Please Advise! Are We Seeing New Political Dirty Tricks, or Old-Style Stupidity

When the Conservatives start promoting poppers, anything is possible, says Dr. Steve.

Steve Burgess 27 Aug 2021TheTyee.ca

Steve Burgess writes about politics and culture for The Tyee. Find his previous articles here.

[Editor’s note: Steve Burgess is an accredited spin doctor with a PhD in Centrifugal Rhetoric from the University of SASE, situated on the lovely campus of PO Box 7650, Cayman Islands. In this space he dispenses PR advice to politicians, the rich and famous, the troubled and well-heeled, the wealthy and gullible.]

Dear Dr. Steve,

You spin doctors are experts in political dirty tricks. Are you seeing many in this campaign?

Signed,

Suspicious

Dear Suspicious,

Painful as it is to admit, Dr. Steve is not quite sure. It's possible that the early weeks of the campaign have seen very little skulduggery. Alternatively, there may have been a level of trickery afoot that would make Machiavelli look like a fairground rube trying to knock over lead bottles while the carny secretly steals his wallet and makes a date with his girlfriend. It all depends on who you believe.

Take the much-mocked Conservative pledge for a policy of anti-corruption or, as their Ontario campaign pamphlet put it, “ant-corrupton.” That Conservative party handout can barely be described without melting the circuits of your spellcheck. It promised an “acton plan” in “Otawa” involving “essental” products, and of course that epic “ant-corrupton” battle.

It is of course possible the pamphlet was written by poorly-educated grasshoppers. It is also possible that our nation's strategic sugar supply is indeed being given away under the table, down the table leg, and across the kitchen floor by a parade of corrupt insect profiteers. The Trudeau Liberals and their little red accomplices are biting into your Timbits.

Or something else may have been at work here. Journalist Amy MacPherson tweeted that screw-ups like this smack of an established Australian right-wing political strategy. The idea is to expand social media reach and exposure via intentionally dumb howlers and idiotic memes. The “ant-corrupton” pamphlet certainly earned tons of exposure for the Conservative brand. Erin O'Toole's photo got a lot more social media shares than a properly spelled pamphlet would ever have done. You might say it had legs. A few more mistakes like that and it's Otawa, here they come.

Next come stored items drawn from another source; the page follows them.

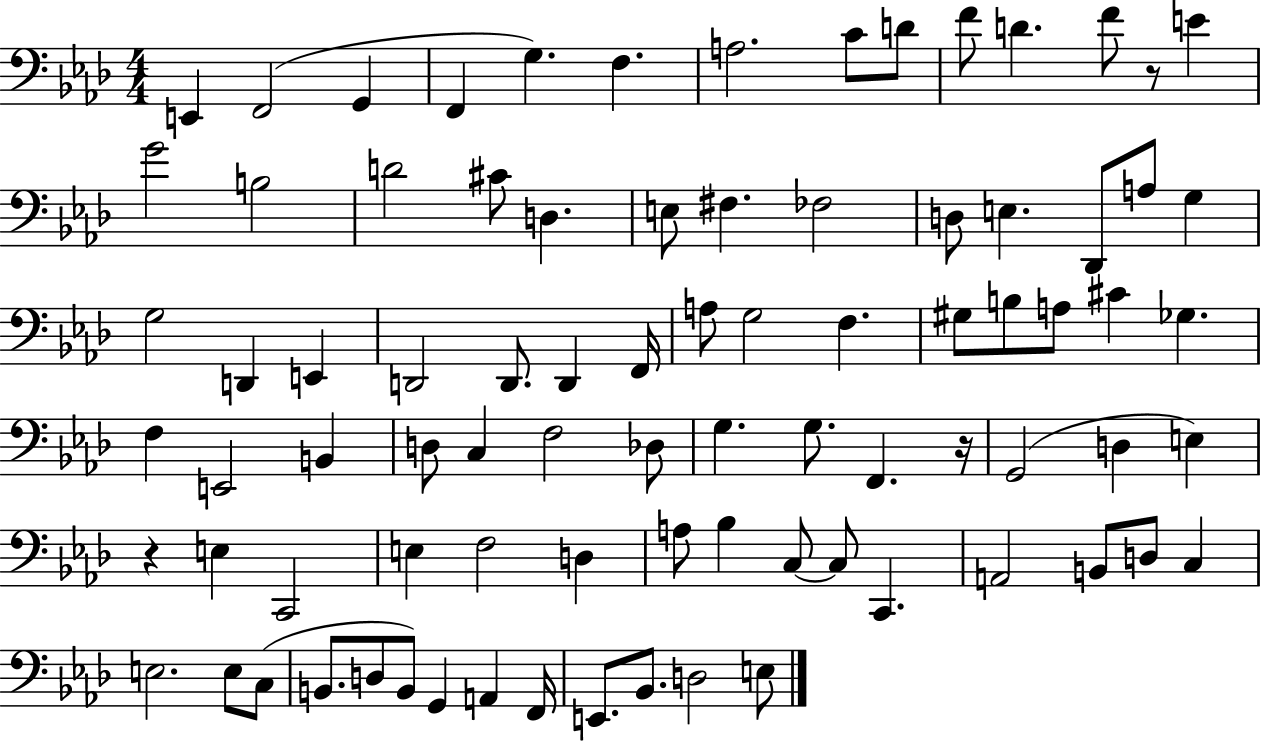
{
  \clef bass
  \numericTimeSignature
  \time 4/4
  \key aes \major
  e,4 f,2( g,4 | f,4 g4.) f4. | a2. c'8 d'8 | f'8 d'4. f'8 r8 e'4 | \break g'2 b2 | d'2 cis'8 d4. | e8 fis4. fes2 | d8 e4. des,8 a8 g4 | \break g2 d,4 e,4 | d,2 d,8. d,4 f,16 | a8 g2 f4. | gis8 b8 a8 cis'4 ges4. | \break f4 e,2 b,4 | d8 c4 f2 des8 | g4. g8. f,4. r16 | g,2( d4 e4) | \break r4 e4 c,2 | e4 f2 d4 | a8 bes4 c8~~ c8 c,4. | a,2 b,8 d8 c4 | \break e2. e8 c8( | b,8. d8 b,8) g,4 a,4 f,16 | e,8. bes,8. d2 e8 | \bar "|."
}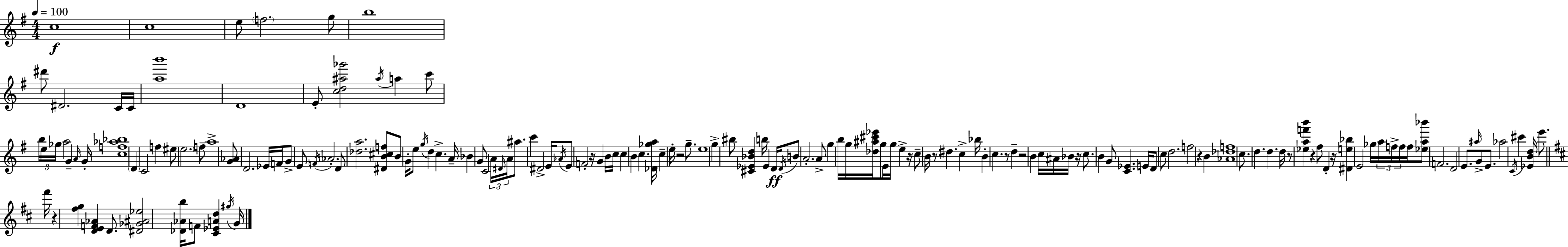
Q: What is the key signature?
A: G major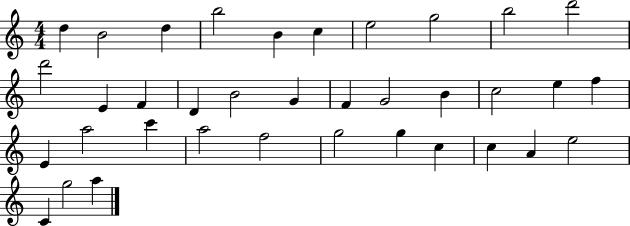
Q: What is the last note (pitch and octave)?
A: A5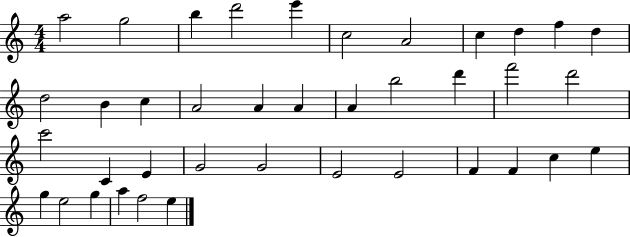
A5/h G5/h B5/q D6/h E6/q C5/h A4/h C5/q D5/q F5/q D5/q D5/h B4/q C5/q A4/h A4/q A4/q A4/q B5/h D6/q F6/h D6/h C6/h C4/q E4/q G4/h G4/h E4/h E4/h F4/q F4/q C5/q E5/q G5/q E5/h G5/q A5/q F5/h E5/q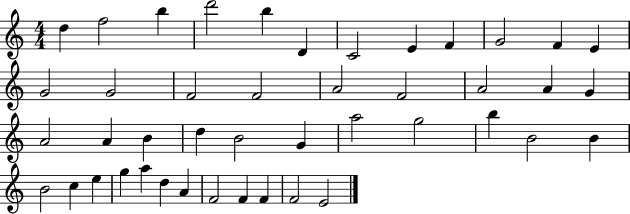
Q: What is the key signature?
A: C major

Then there was the Conservatives’ embarrassing “Veruca Salt” ad, mercifully withdrawn for copyright infringement. Another possible example of the “good memes go away, bad memes go everywhere” approach.

Idiocy or brilliance? Dr. Steve honestly does not know. When the choice is between “Some mad genius is playing 3D chess,” and “Somebody screwed up worse than an arc welder on the Hindenburg,” well, you'll understand if Dr. Steve usually leans toward the option with the highest degree of stupid.

Yet perhaps Dr. Steve is not providing proper credit. Something is working for O'Toole's Conservatives — they are up in the polls. This could be because for every human being on Earth there are an estimated one million ants. Only the Conservative party seems to be addressing this alarming fact. It could also be that O'Toole is appealing to voters who hope for a combination of tax cuts and subsidized poppers. Dr. Steve may be a professional prognosticator but when it comes to the Conservatives morphing into the People's Popper Party, he freely admits that his crystal ball failed him badly.

Meanwhile the Liberals too could be playing a deviously clever game-within-a-game. At early campaign stops Justin Trudeau was heckled by obnoxious anti-vaxxers. You can't buy that kind of helpful contrast, unless of course you can. Conspiracy theorists who are fond of talking about “false flags” and “crisis actors” will certainly tell you that the Liberals could easily hire gangs of wingnuts to follow the prime minister and make him look good. Mind you they will also tell you to dress up like a horse to get a deworming prescription, so take that into account.

At least one anti-Liberal stalwart does seem to have secret backing. There's a mystery guy who's been heckling Trudeau from coast to coast, one day in Hamilton, the next in B.C.

Asked by a CBC reporter if someone was paying his airfare the heckler said, “Maybe.”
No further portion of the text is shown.